Swami vivekananda on his mission


One day at Balaram’s house in Calcutta, when Swami Yogananda, a brother disciple, said that the Master (Sri Ramakrishna) had emphasized bhakti alone for spiritual seekers and that philanthropic activities, organizations, homes of service for the public good, and patriotic work were the Swami’s own peculiar ideas, the result of his Western education and travel in Europe and America.

The Swami (Swami Vivekananda)at first retorted to his brother with a sort of rough humour. He said: ‘What do you know? You are an ignorant man….What do you understand of religion? You are only good at praying with folded hands: “O Lord! how beautiful is Your nose! How sweet are Your eyes!” and all such nonsense….And you think your salvation is secured and Sri Ramakrishna will come at the final hour and take you by the hand to the highest heaven! Study, public preaching, and doing humanitarian works are, according to you, maya, because he said to someone, “Seek and find God first; doing good to the world is a presumption!” As if God is such an easy thing to be achieved! As if He is such a fool as to make Himself a plaything in the hands of an imbecile!

You think you have understood Sri Ramakrishna better than myself! You think jnana is dry knowledge to be attained by a desert path, killing out the tenderest faculties of the heart! Your bhakti is sentimental nonsense which makes one impotent. You want to preach Sri Ramakrishna as you have understood him, which is mighty little! Hands off! Who cares for your Ramakrishna? Who cares for your bhakti and mukti? Who cares what your scriptures say? I will go into a thousand hells cheerfully if I can rouse my countrymen, immersed in tamas, to stand on their own feet and be men inspired with the spirit of karma-yoga. I am not a follower of Ramakrishna or anyone, but of him only who serves and helps others without caring for his own bhakti and mukti!’

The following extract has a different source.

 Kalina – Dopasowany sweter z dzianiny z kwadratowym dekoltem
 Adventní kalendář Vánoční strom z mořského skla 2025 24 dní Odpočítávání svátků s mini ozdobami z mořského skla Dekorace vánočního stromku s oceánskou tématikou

The Swami’s voice was choked with emotion, his body shook, and his eyes flashed fire. Quickly he went to the next room. A few moments later some of his brother disciples entered the room and found him absorbed in meditation, tears flowing from his half-closed eyes. After nearly an hour the Swami got up, washed his face, and joined his spiritual brothers in the drawing-room. His features still showed traces of the violent storm through which he had just passed; but he had recovered his calmness. He said to them softly:

‘When a man attains bhakti, his heart and nerves become so soft and delicate that he cannot bear even the touch of a flower!…I cannot think or talk of Sri Ramakrishna long without being overwhelmed. So I am always trying to bind myself with the iron chains of jnana, for still my work for my motherland is unfinished and my message to the world not fully delivered. So as soon as I find that those feelings of bhakti are trying to come up and sweep me off my feet, I give a hard knock to them and make myself firm and adamant by bringing up austere jnana. Oh, I have work to do! I am a slave of Ramakrishna, who left his work to be done by me and will not give me rest till I have finished it. And oh, how shall I speak of him? Oh, his love for me!’